Quatre saisons. C’est grosso modo ce qui est nécessaire pour faire un tour d’horizon de quatre vies liées par le fardeau du ballotage d’une famille d’accueil à une autre. De la toute petite Cathy à la jeune adulte nouvellement affranchie de son centre jeunesse, bien que la toile de fond soit simple, pour ne pas dire simplette en apparence, elle est le terreau fertile qui permet d’adhérer au processus. De cette façon, le spectateur n’est pris dans aucun piège, sinon que celui de son propre jugement, et c’est là que le film trouve son erre d'aller. Le dialogue est amorcé. 
 
D’abord la douceur du rythme surprend. Ou alors, elle ne surprend pas, puisqu’il est sans remous. Mais il s’agit là d’une condition essentielle afin de rendre empathique le regard posé sur la situation sans ambiguïtés éthiques. Par exemple, lorsque le temps s’épuise dans une succession lente d’activités estivales, ou bien dans un orage qui les freine, il apparaît comme une fatalité objective qui se contente d’aller en soi, un peu comme il en est pour Cathy qui débarque à peine dans sa nouvelle famille d’accueil. À ce moment, alors que tout le monde semble s’amuser d’un rien, elle peine à exister parmi « les siens ». Puis le cinéma opère : assise sans grande vivacité dans un bassin gonflable rempli d’eau, un klaxon de train envahit graduellement l’environnement sonore festif pour en abstraire le sens immédiatement compris. La fillette, à ce moment, se plonge les oreilles sous l’eau et part dans les nuages, amenant le spectateur avec elle dans son non-lieu. C’est une force du film que de ne pas tomber dans la caricature accusatrice. En esquissant les non-lieux de l’enfance, ces zones tampons de protection, donc en suggérant des moyens de survie psychologique rudimentaires, Catimini invite davantage à un retour critique qu’à une colère irrationnelle envers le système qui porterait aussi loin qu’un coup d’épée dans l’eau.
 
À ce titre, il semble que la réalisatrice n’ait pas hésité à employer tous les moyens cinématographiques mis à sa disposition, toujours en en calculant scrupuleusement la pertinence. Notons entre autres les transitions de scène qui ont le même double rôle d’unicité du récit et de compréhension empathique envers le personnage. Comment dans le contexte, par exemple, exprimer mieux le rejet et le déchirement de perdre un foyer d’accueil que par un voyage en voiture où la caméra, discrète, presque cachée devant la banquette pour éviter l’intrusion, filme une enfant qui semble pétrifiée d’incertitude d’être amenée vers un endroit inconnu? Ailleurs, dans une chambre, c’est la solitude due à la terreur d’intégrer de nouveaux milieux qui contraste avec les enguirlandages ordinaires du hors champ. Comment ensuite mieux suggérer l’impuissance de l’individu qui, à la moindre gaffe, se fait enfermer dans un de ces centres de détention aussi longtemps qu’il le faut? 

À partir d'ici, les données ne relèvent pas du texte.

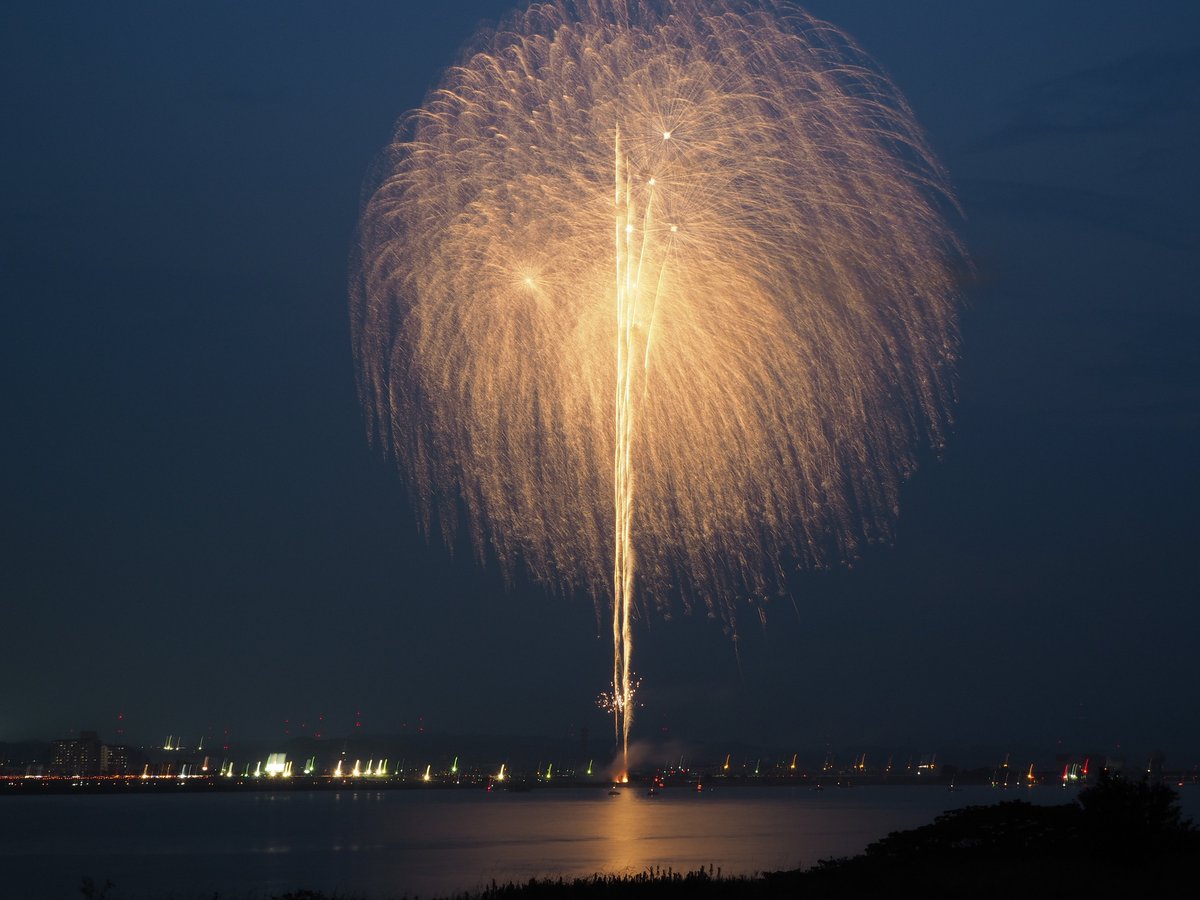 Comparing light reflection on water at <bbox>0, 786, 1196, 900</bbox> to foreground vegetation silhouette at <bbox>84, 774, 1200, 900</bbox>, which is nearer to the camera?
foreground vegetation silhouette at <bbox>84, 774, 1200, 900</bbox>

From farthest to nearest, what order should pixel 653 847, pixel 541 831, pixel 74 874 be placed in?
pixel 541 831 → pixel 653 847 → pixel 74 874

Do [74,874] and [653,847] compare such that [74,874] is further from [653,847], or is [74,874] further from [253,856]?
[653,847]

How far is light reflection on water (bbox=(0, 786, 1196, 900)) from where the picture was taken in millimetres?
46500

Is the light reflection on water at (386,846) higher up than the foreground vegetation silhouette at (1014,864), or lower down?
lower down

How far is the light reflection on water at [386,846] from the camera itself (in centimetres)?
4650

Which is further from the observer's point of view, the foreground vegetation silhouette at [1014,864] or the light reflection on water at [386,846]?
the light reflection on water at [386,846]

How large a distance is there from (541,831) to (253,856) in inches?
826

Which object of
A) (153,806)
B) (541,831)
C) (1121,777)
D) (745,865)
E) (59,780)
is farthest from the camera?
(59,780)

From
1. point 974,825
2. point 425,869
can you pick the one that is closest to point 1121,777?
point 974,825

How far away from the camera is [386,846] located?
67938 mm

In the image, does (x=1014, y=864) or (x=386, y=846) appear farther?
(x=386, y=846)

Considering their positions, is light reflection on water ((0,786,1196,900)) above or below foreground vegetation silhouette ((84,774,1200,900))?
below

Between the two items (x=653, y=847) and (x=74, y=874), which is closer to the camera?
(x=74, y=874)

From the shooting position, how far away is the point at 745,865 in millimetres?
44656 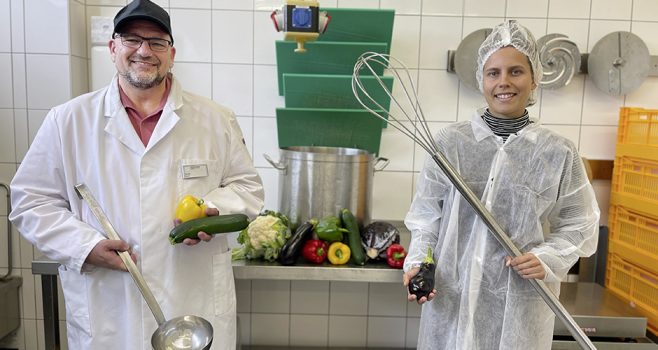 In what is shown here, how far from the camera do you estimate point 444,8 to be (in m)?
1.94

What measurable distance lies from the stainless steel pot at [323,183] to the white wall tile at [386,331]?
0.68 m

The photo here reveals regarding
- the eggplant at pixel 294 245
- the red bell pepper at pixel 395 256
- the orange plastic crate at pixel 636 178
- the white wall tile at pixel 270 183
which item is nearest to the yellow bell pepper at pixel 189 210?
the eggplant at pixel 294 245

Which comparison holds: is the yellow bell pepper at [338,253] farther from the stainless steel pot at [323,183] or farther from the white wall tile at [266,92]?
the white wall tile at [266,92]

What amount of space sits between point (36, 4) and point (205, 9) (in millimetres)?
602

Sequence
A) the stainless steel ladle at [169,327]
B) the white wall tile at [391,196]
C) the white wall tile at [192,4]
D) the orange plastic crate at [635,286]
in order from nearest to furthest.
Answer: the stainless steel ladle at [169,327], the orange plastic crate at [635,286], the white wall tile at [192,4], the white wall tile at [391,196]

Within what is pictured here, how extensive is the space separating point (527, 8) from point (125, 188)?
1651 millimetres

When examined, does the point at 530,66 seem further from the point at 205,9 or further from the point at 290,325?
the point at 290,325

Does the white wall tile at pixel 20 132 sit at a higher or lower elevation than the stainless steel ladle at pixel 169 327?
higher

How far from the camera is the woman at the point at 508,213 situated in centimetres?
115

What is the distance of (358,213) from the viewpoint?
1.64m

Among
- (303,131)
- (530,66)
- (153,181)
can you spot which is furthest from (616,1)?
(153,181)

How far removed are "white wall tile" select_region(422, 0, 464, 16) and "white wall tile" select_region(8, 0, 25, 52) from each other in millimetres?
1521

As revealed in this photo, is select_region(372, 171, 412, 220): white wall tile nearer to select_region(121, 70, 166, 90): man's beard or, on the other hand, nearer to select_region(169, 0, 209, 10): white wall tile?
select_region(169, 0, 209, 10): white wall tile

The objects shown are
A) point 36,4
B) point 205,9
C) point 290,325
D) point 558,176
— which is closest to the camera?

Faisant état d’un manque de spontanéité qui enfarge, c’est le jeu des jeunes interprètes qui demeure à plusieurs moments la plus apparente défaillance technique. Ils ont un texte à enchaîner, et ils s’y collent un peu trop. D’un autre côté, l’ensemble des caractéristiques sociales incarné par les personnages plus vieux détonne de richesse dramatique. On pense à Réjeanne (Isabelle Vincent), la tutrice du premier foyer d’accueil. Elle est insupportable tellement elle trahit une autorité sans bonté à laquelle n’importe quel enfant rétorquerait qu’elle n’est pas sa mère. Avec son parler infantilisant et à la limite méprisant, truffé de formules creuses qui se répéteront de manières différentes dans d’autres institutions, Réjeanne symbolise l’absurdité de l’autorité institutionnelle. De plus, il faut saluer le jeu des deux jeunes actrices qui tiennent les rôles de Mégane (Rosine Chouinard-Chauveau) et de Manu (Frédérique Paré). Elles ont bien deux caractères complètement différents, chacune déploie un jeu intérieur qui leur évite tout pathétisme associé aux couleurs de leurs rôles.
 
Catimini est un film dont les imperfections côtoient les meilleures qualités. Il en émane parfois autant de grâce qu’il provoque de grincements de dents. Si la fin demeure bancale, c’est en raison d’un dénouement qui paraît vouloir boucler la boucle à tout prix. Mais compte tenu des efforts soutenus pour dégager du sens de la proposition initiale, ça en fait un film qui aura permis au public de s’exposer à une vision à la fois compréhensive et critique d’un système public défaillant. Bien sûr le fan-club de la polémique et autres moralisateurs amoraux verront dans la proposition esthétique de Nathalie Saint-Pierre une absence de position. Scénariste, réalisatrice, monteuse et productrice de son film, si les faiblesses manifestes trahissent un manque de contrôle circonstanciel, Nathalie Saint-Pierre aura certainement démontré qu’elle est souveraine sur le terrain de ses idées. Elle se place assurément, en ce sens, en position d’autorité sur son processus de création. Et c’est ça une auteure.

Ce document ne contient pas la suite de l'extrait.